Charles Ellicott Commentary

Galatians 1:17

1819–1905
Anglican
SCRIPTURE

"neither went I up to Jerusalem to them that were apostles before me: but I went away into Arabia; and again I returned unto Damascus." — Galatians 1:17 (ASV)

Went I up.—The usual phrase is “to go up to Jerusalem,” from the fact that Jerusalem stood on high ground and was approached from all sides by an ascent. Here, however, the reading is doubtful between “went up” and “went away,” each of which is supported by nearly equally good authority. In such a close balance of authorities, the less common phrase is perhaps more likely to have been the original reading, though there is an almost equal probability that it may have slipped in from the second “went” (really the same word, “went away”), a little further on in the verse.

To Arabia.—The question of what part of Arabia St. Paul withdrew to is purely speculative. There is nothing in the context to indicate this decisively. The boundary of Arabia at this period was not precisely defined. According to some writers, it even included Damascus itself. It is therefore possible that “Arabia” may have referred to the desert near the city.

This would be the most obvious assumption. But, on the other hand, there would be a certain appropriateness if we could imagine, as we are certainly permitted to do, that the location of his stay may have been the region of Mount Sinai itself. The place where the Law was first given may have witnessed its renewal in his mind—not destroyed, but fulfilled in the new law of love. Like Moses, and like Elijah, the great minister of the new dispensation may have received strength for his work here. And if this was the case, we can more readily understand the typological allusion to Mount Sinai later in the Epistle. Such arguments may have some slight weight, but the actual location must remain uncertain.

As to the time of the Apostle’s withdrawal, and its duration, little can be said beyond the fact that it must have occurred within the three years that passed between his conversion and his first visit to Jerusalem.

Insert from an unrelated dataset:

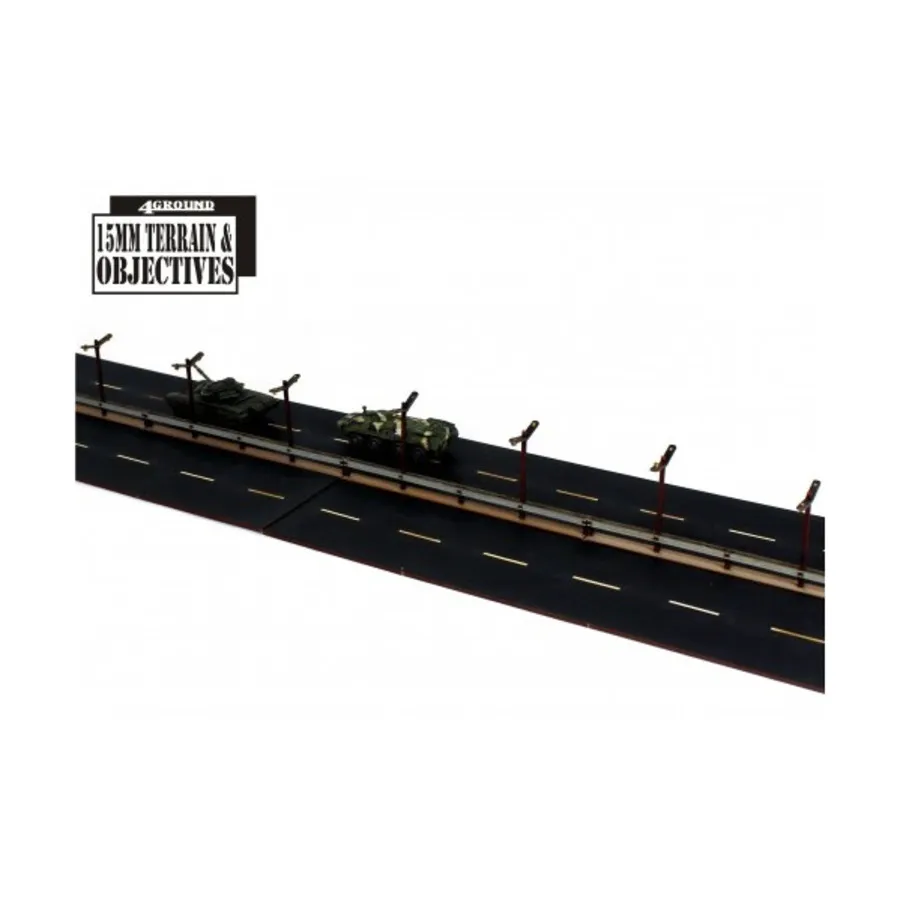 Центральная резервация (предварительно окрашенная), Terrain & Obstacles (15mm)
Центральная резервация (предварительно окрашенная), Terrain & Obstacles (15mm)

When we compare this account with the narrative in Acts, it is not clear how they are to be reconciled.

St. Paul says that after his conversion, immediately (eutheôs) he conferred not with flesh and blood . . . but went unto Arabia. St. Luke says, after recording the same event, Then was Saul certain days with the disciples which were at Damascus. And straightway (eutheos) he preached Christ (or, according to a more correct reading, Jesus) in the synagogues, that He is the Son of God (Acts 9:19–20). There does not seem to be room here to insert the retreat into Arabia.

It would indeed come in more naturally among the many days, mentioned in a later verse, which ended with the plot of the Jews against the Apostle’s life and his final escape from Damascus. There would still, however, be some apparent conflict between conferring not with flesh and blood and “spending certain days with the disciples” at Damascus. The discrepancy is only what we might expect to find between two perfectly independent narratives, one of which was compiled from secondary sources and is, moreover, very brief and summary in form.

We are obliged, by the Apostle’s own words, to believe that his withdrawal into Arabia took place immediately after his conversion. Since it would not take a very long time to attract attention or arouse the animosity of the Jews at Damascus, it seems natural to suppose that this period of silent seclusion occupied the greater part of the whole three-year period.

The patristic commentators, for the most part, seem to have held the belief that the purpose of his visit to Arabia was to preach to the heathen there; but the whole context of the Epistle shows that it was rather for solitary meditation and communion with God.

Damascus.—We gather from 2 Corinthians 11:32 that Damascus was at this time in the possession of, or at least in some manner under the rule of, Aretas, the Arabian king. How this could have been is an obscure and difficult question (see Note on that passage). It may have been seized by him and held for a time during his war with Herod Antipas and the Romans at the end of the reign of Tiberius, in A.D. 36–37. Or it may possibly have been placed in his hands by Caligula upon the disgrace of his rival, Antipas. Or the ethnarch under Aretas the king may have been an officer subordinate to the Romans and charged with a kind of consulship over the Arabians in Damascus.

The first theory does not seem very probable when facing a power as strong as Rome. The second is a pure hypothesis, with no support from any contemporary writer. And the third hardly seems to satisfy the conditions of the problem. In any case, the most probable date for these events would be soon after the death of Tiberius in A.D. 37.